TASK DESCRIPTION: What do the lines from the top of the data through the line with "Life in the" say? Quote them exactly and include both ends.

EXTRACTED ENTRIES:

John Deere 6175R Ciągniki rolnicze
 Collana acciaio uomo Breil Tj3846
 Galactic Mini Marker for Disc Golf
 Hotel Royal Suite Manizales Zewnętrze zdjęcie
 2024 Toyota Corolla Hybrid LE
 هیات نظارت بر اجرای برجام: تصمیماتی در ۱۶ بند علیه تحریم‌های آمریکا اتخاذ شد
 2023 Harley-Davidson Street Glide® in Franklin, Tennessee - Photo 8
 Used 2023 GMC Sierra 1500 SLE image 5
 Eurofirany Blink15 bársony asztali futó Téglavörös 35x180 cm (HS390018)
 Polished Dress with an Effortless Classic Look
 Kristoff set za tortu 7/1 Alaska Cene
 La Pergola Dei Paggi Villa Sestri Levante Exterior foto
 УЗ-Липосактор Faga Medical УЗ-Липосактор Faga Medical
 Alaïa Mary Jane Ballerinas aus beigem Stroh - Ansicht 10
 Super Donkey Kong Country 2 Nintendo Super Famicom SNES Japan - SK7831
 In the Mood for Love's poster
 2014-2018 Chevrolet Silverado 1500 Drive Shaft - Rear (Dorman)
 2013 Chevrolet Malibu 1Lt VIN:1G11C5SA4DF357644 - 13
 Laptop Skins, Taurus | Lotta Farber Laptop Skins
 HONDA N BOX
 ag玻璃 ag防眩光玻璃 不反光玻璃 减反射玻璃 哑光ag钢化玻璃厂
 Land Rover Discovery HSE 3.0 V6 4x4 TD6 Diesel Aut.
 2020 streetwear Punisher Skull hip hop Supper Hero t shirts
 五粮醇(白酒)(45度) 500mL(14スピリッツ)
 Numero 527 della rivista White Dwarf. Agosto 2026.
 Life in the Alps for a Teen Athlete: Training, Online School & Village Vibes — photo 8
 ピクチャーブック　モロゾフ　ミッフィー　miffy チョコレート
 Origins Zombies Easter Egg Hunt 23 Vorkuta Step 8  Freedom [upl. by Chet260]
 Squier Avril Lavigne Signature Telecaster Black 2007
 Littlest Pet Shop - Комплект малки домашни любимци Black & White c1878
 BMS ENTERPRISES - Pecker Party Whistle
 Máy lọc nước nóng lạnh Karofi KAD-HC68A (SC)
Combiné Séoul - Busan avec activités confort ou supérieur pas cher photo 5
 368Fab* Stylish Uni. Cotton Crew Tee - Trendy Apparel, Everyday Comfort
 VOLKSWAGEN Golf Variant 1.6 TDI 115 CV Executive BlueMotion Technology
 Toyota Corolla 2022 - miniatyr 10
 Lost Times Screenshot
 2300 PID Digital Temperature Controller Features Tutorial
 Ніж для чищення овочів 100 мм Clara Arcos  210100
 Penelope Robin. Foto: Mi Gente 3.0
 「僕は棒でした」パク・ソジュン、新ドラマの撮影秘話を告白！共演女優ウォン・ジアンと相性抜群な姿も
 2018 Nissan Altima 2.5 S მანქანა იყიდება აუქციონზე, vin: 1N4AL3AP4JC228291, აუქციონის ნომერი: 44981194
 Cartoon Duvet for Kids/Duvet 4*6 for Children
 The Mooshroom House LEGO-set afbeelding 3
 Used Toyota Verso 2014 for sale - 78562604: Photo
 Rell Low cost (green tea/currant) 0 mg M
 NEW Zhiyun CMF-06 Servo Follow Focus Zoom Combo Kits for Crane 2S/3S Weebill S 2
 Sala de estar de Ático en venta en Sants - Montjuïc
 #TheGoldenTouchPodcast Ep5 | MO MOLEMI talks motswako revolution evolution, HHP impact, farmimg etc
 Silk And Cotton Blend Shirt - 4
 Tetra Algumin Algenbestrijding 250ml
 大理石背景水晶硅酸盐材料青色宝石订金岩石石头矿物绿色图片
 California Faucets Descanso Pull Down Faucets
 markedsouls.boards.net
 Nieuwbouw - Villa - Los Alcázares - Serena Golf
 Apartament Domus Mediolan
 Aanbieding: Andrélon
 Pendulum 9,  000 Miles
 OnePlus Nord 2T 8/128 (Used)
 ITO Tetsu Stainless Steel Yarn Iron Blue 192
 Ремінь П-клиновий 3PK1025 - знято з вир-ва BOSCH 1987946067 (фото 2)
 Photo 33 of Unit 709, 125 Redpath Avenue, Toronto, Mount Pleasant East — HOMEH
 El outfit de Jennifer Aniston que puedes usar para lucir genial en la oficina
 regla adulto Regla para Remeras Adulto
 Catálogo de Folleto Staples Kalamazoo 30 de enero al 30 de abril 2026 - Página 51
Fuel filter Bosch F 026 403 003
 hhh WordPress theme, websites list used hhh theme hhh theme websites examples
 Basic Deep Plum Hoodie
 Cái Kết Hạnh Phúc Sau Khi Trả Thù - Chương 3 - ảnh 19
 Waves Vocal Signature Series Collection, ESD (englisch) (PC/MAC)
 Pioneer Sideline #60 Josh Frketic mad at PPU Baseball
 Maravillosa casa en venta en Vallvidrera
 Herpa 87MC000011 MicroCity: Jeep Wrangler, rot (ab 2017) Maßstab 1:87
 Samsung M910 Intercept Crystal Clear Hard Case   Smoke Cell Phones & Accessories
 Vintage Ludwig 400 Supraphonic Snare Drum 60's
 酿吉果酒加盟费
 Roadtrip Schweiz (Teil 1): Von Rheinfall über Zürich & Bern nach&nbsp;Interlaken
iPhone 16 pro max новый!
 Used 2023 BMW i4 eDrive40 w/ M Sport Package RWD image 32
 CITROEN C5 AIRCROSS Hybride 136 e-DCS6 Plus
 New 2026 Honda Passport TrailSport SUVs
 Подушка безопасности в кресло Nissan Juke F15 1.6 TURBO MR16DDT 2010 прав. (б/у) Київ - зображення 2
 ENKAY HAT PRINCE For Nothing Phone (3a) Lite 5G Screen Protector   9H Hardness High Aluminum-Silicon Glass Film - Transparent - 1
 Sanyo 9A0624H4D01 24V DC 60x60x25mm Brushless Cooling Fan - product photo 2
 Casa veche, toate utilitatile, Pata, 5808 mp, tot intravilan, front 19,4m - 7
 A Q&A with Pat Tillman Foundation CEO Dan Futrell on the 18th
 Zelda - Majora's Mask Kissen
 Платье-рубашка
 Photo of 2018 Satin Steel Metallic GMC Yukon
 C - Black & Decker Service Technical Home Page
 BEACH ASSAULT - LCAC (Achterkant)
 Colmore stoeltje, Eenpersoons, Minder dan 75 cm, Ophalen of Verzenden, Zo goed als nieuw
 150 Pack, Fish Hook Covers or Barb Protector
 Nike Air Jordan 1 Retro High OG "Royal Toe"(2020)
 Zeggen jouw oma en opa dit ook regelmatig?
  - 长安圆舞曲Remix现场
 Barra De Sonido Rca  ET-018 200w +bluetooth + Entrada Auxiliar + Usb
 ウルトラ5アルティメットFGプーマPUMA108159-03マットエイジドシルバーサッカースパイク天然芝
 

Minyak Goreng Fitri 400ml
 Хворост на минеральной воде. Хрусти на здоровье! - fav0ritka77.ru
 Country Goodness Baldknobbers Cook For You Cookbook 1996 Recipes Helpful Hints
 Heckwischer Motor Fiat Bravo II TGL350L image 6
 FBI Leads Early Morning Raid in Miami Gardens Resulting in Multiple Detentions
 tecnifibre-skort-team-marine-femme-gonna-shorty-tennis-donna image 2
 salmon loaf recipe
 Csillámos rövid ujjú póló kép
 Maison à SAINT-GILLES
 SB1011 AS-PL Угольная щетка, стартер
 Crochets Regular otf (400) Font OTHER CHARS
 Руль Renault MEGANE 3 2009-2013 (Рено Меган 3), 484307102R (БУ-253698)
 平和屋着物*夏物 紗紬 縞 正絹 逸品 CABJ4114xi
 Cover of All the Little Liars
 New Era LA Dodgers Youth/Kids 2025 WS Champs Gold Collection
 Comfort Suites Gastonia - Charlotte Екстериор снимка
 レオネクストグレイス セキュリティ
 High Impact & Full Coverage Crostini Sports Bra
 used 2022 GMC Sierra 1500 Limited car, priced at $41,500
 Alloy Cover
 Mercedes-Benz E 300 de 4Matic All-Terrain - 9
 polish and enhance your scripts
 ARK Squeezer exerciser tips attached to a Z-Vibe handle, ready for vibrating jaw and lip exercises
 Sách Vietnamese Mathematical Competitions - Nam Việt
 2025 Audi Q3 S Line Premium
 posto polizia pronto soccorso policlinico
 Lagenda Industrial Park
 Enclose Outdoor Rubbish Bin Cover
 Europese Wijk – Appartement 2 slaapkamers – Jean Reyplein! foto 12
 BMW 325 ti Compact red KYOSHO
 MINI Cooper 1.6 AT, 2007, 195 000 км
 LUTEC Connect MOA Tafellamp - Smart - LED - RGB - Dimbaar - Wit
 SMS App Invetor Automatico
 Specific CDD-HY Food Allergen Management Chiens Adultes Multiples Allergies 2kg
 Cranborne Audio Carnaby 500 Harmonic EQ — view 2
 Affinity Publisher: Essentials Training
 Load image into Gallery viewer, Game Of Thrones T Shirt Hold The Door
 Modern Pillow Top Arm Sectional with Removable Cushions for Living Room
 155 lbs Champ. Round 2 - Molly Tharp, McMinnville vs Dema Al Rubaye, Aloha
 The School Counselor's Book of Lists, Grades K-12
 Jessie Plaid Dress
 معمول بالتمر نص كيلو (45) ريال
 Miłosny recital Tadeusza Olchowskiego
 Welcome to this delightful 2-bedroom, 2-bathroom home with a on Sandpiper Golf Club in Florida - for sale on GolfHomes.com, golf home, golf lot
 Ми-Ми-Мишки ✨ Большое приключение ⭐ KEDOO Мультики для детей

SOLUTION FOR THIS EXERCISE:
John Deere 6175R Ciągniki rolnicze
 Collana acciaio uomo Breil Tj3846
 Galactic Mini Marker for Disc Golf
 Hotel Royal Suite Manizales Zewnętrze zdjęcie
 2024 Toyota Corolla Hybrid LE
 هیات نظارت بر اجرای برجام: تصمیماتی در ۱۶ بند علیه تحریم‌های آمریکا اتخاذ شد
 2023 Harley-Davidson Street Glide® in Franklin, Tennessee - Photo 8
 Used 2023 GMC Sierra 1500 SLE image 5
 Eurofirany Blink15 bársony asztali futó Téglavörös 35x180 cm (HS390018)
 Polished Dress with an Effortless Classic Look
 Kristoff set za tortu 7/1 Alaska Cene
 La Pergola Dei Paggi Villa Sestri Levante Exterior foto
 УЗ-Липосактор Faga Medical УЗ-Липосактор Faga Medical
 Alaïa Mary Jane Ballerinas aus beigem Stroh - Ansicht 10
 Super Donkey Kong Country 2 Nintendo Super Famicom SNES Japan - SK7831
 In the Mood for Love's poster
 2014-2018 Chevrolet Silverado 1500 Drive Shaft - Rear (Dorman)
 2013 Chevrolet Malibu 1Lt VIN:1G11C5SA4DF357644 - 13
 Laptop Skins, Taurus | Lotta Farber Laptop Skins
 HONDA N BOX
 ag玻璃 ag防眩光玻璃 不反光玻璃 减反射玻璃 哑光ag钢化玻璃厂
 Land Rover Discovery HSE 3.0 V6 4x4 TD6 Diesel Aut.
 2020 streetwear Punisher Skull hip hop Supper Hero t shirts
 五粮醇(白酒)(45度) 500mL(14スピリッツ)
 Numero 527 della rivista White Dwarf. Agosto 2026.
 Life in the Alps for a Teen Athlete: Training, Online School & Village Vibes — photo 8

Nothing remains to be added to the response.